Recensioni e Interviste

HELLE:“Disonore”, per chi crede che elettronica e cantato non stanno bene insieme

Lisa Brunetti, classe ’94, in arte Helle, ci regala un album che abbiamo bisogno di ascoltare.

“Disonore” è un album con un’unica coerente storia, divisa nelle tracce in 10 diverse sfaccettature e sonorità. È un album perfetto per chi ancora lamenta l’impossibile convivenza tra sonorità elettroniche e talento canoro; per chi cerca compagnia e comprensione in un processo di emancipazione; per chi, semplicemente, vuole scoprire nuova buona musica.
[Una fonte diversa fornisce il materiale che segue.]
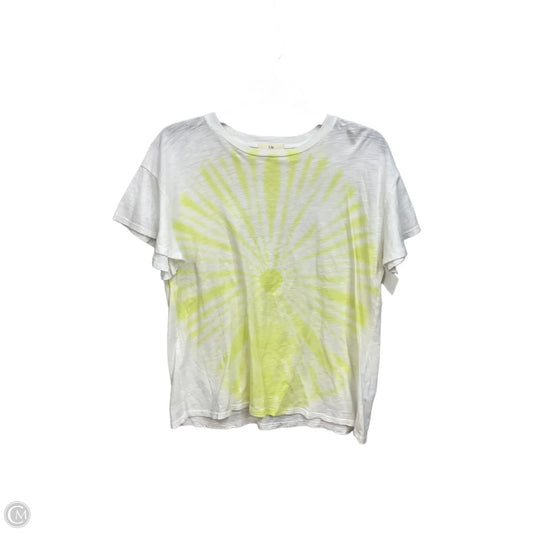Top Short Sleeve By T.la In Tie Dye Print, Size: S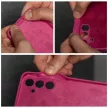 Case SILICONE 2mm SAMSUNG GALAXY A26 5G tok, rózsaszín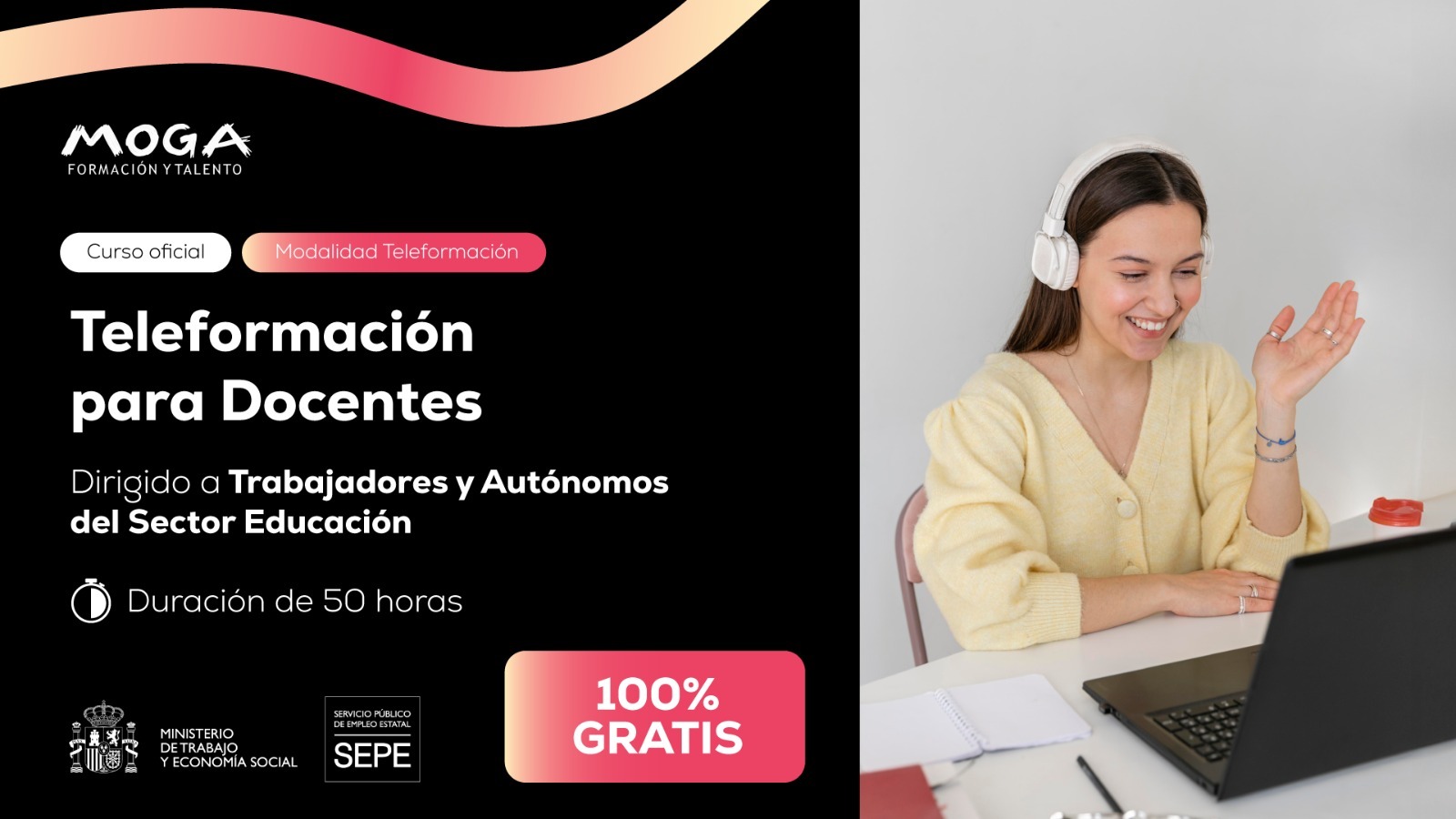 SSCE001PO TELEFORMACIÓN PARA DOCENTES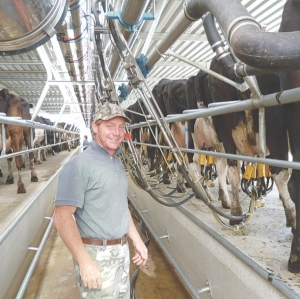 Making milking easy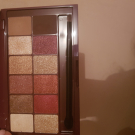 Swatch de jennah7533 : The Burgundy Bar, Maybelline New York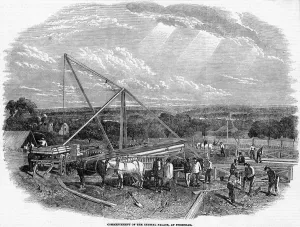 Fields Prints: SYDENHAM WORK STARTS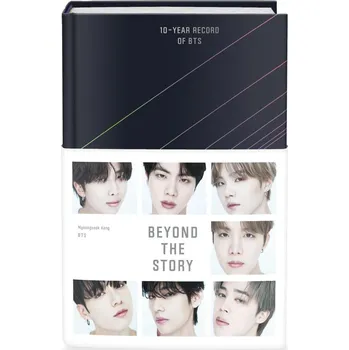 Literární biografie Beyond The Story: 10-Year Record Of BTS - BTS, Myeongseok Kang [EN] (2023, pevná)
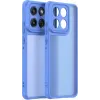 Phonesta AirFrost Back Cover Hülle für Motorola Edge 70 - Saphirblau matt 0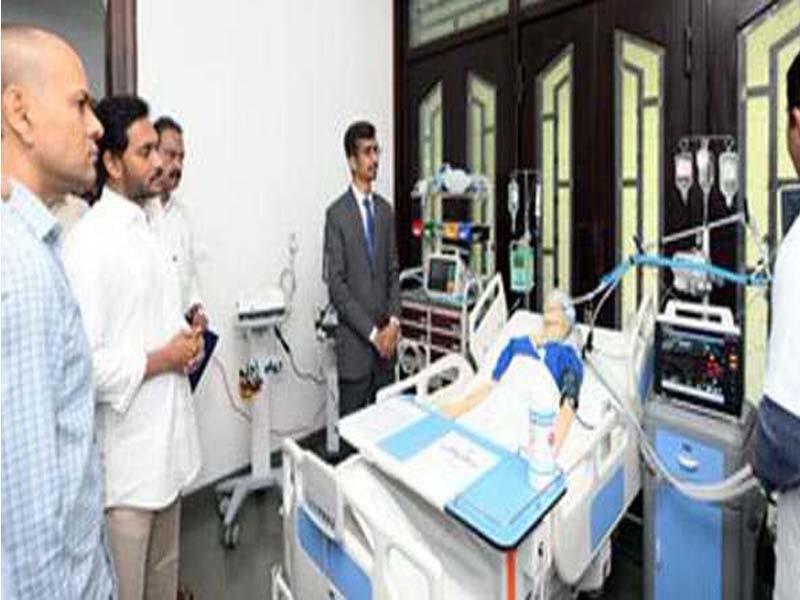 AP CM inaugurates 144 oxygen plants
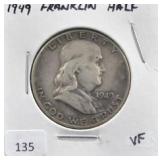 1949 FRANKLIN HALF
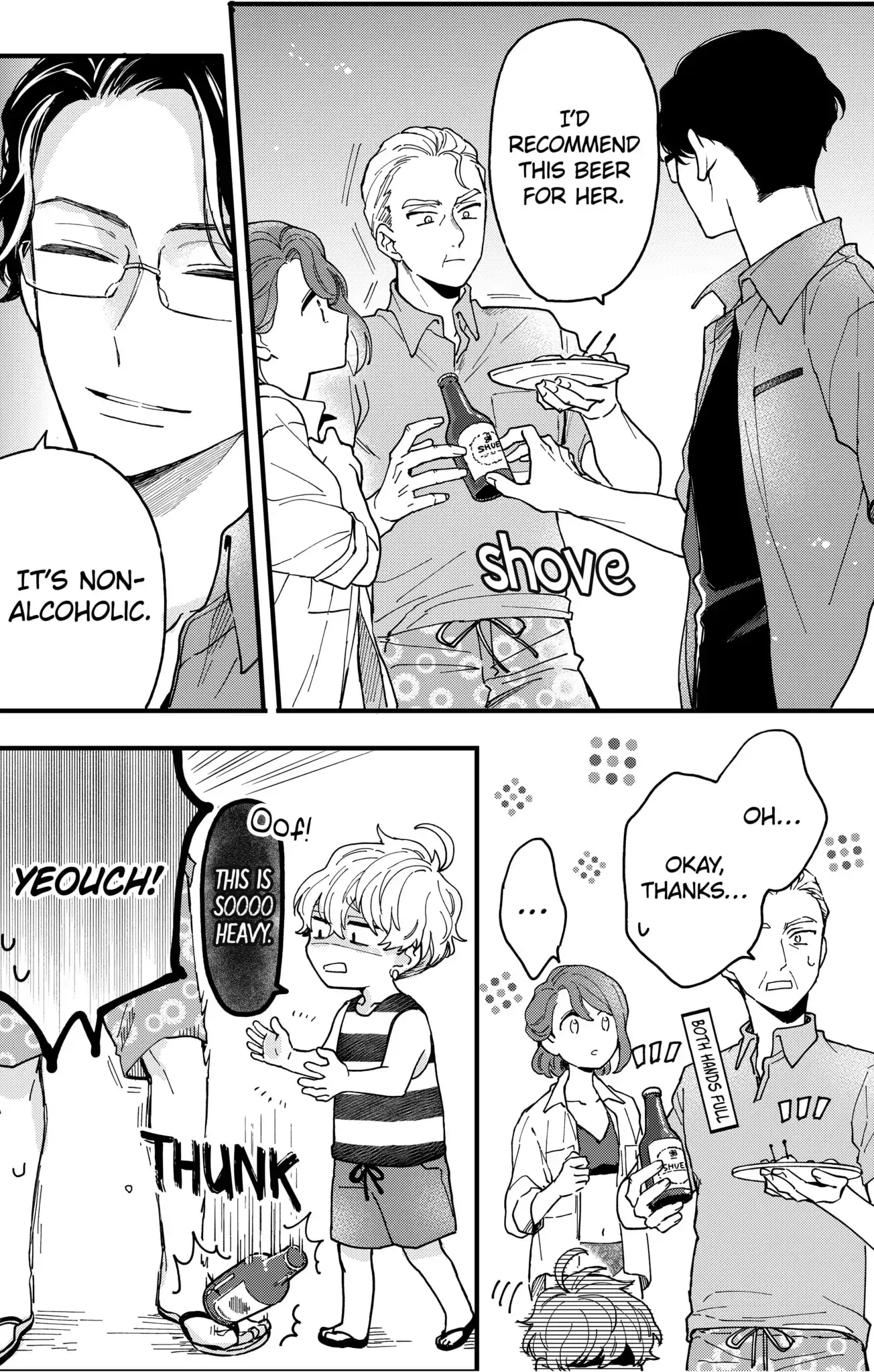 Oshikake Ouji wa Nido Oishii - Chapter 7.2 - Page 14
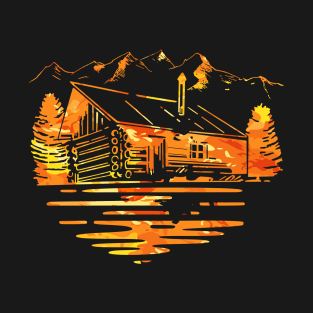 the mountain cabin T-Shirt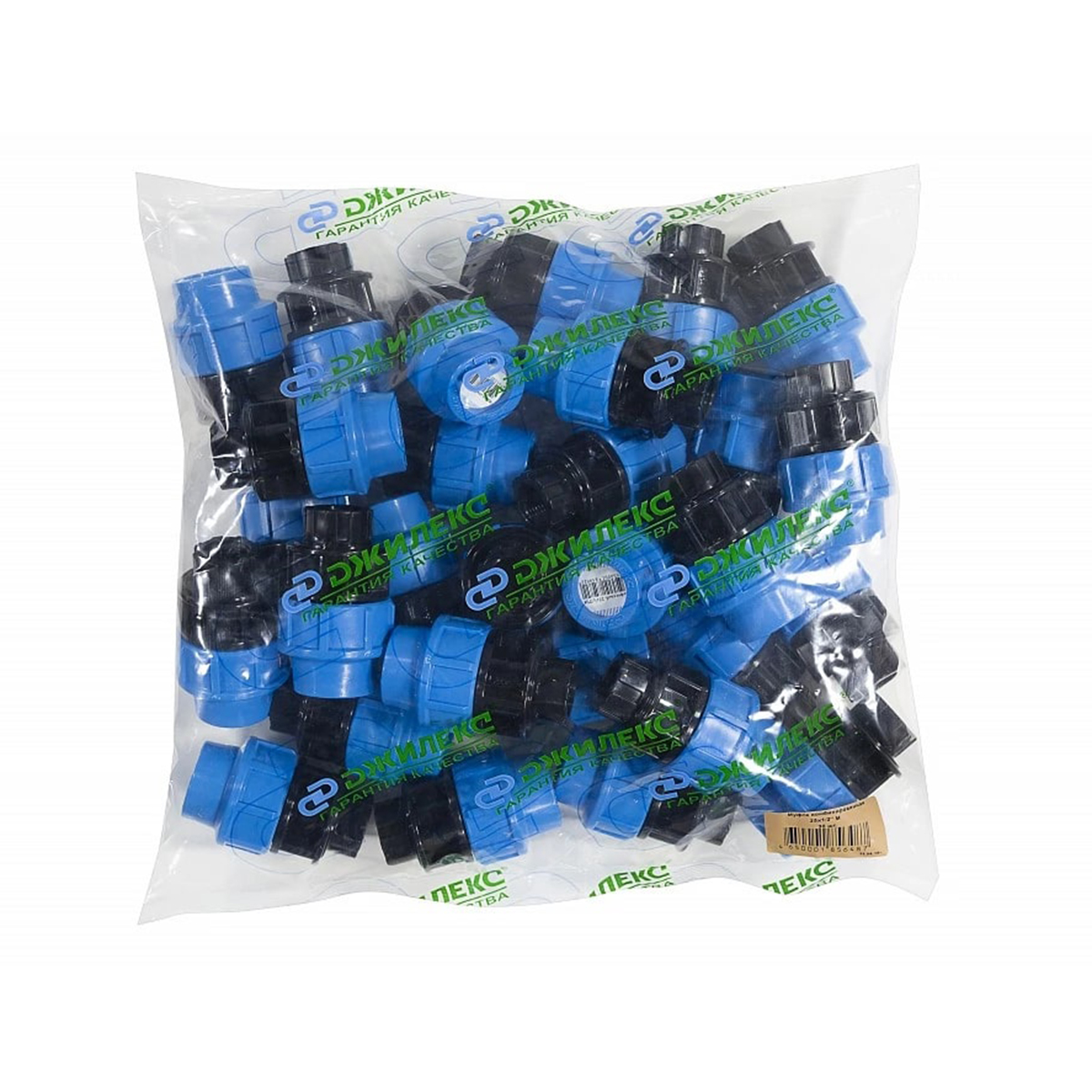 Муфта комб. внутр. резьба 25х1/2"м полипропилен 1/2" (1/30) "джилекс"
Helle ha una sonorità caratteristica, quindi non è un’artista facile da descrivere. Per semplificare potremmodire che ha un timbro riconducibile ad Annalisa e una scrittura che potrebbe ricordare la prima Margherita Vicario, ma è più oscura. I paragoni non bastano a comprendere: solo l’ascolto rende l’idea.

Tentiamo però di parlare di “Disonore”

Ci troviamo in un sottobosco elettro-pop, guidato dalla sinuosa voce di ‘Helle’, ninfa un po’ psichedelica. Le basi elettroniche di “Disonore” non hanno nulla da invidiare alle grandi hit che passano per radio, anzi, le sue costruzioni somigliano più a quelle dell’hip-hop che si ascolta ossessivamente sulle piattaforme streaming, cioè a quelle sonorità ricercate che la radio non passa, ma che vincono in ascolti. Parliamo di basi moderne, insomma!

Da queste basi si alza la voce di Helle, che nella distorsione si sposa perfettamente con le tante sfaccettature; alti, bassi, note e parole morbide, a volte soffici, in altre tracce dure. La sua voce risuona ancora più evocativa quando si intreccia e re-intreccia su sé stessa nei cori e nelle armonizzazioni. Nelle tante tonalità del disco, la cantante non si nega anche parti più secche, meno musicali e più parlate che risultano convincenti quanto il cantato, e anzi, sono sorprendentemente anche più incisive. In questo caso, in particolare, consigliamo il brano “Selvaggio”, che per altro ha un testo molto maturo:

 Io dunque non temo il buio, ma le sue conseguenze

La storia di “Disonore” è appunto quella di un disonore che si sente, ma di cui ci si deve liberare. Una parola, in particolare, risuona implicitamente durante l’ascolto dell’album: “emancipazione”.

I testi sono lineari: ciò che Helle esprime è chiaro. L’ascoltatore è guidato in questo processo di emancipazione, ne è avvolto nell’oscurità e nei momenti di luce, ma non si tratta di brani che parlano alla nostra intimità e vengono compresi inconsciamente, senza capirne il motivo. Le allusioni, le metafore e le analogie di Helle possono venire percepite oppure non essere percepite, creare immedesimazione oppure non crearla, ma sono perfette per come intendono essere: intense, chiare, non banali.

In “Disonore” non c’è una nota fuori posto, è un album bello da ascoltare e di grande professionalità: professionalità che ha le basi per fare molta strada.

Per dirlo con Helle: Se vuoi sopravvivere ti devi vendere/ognuno ha il proprio ruolo/legge di mercato Ma se questo è l’inizio, il ruolo di Helle è continuare a fare musica.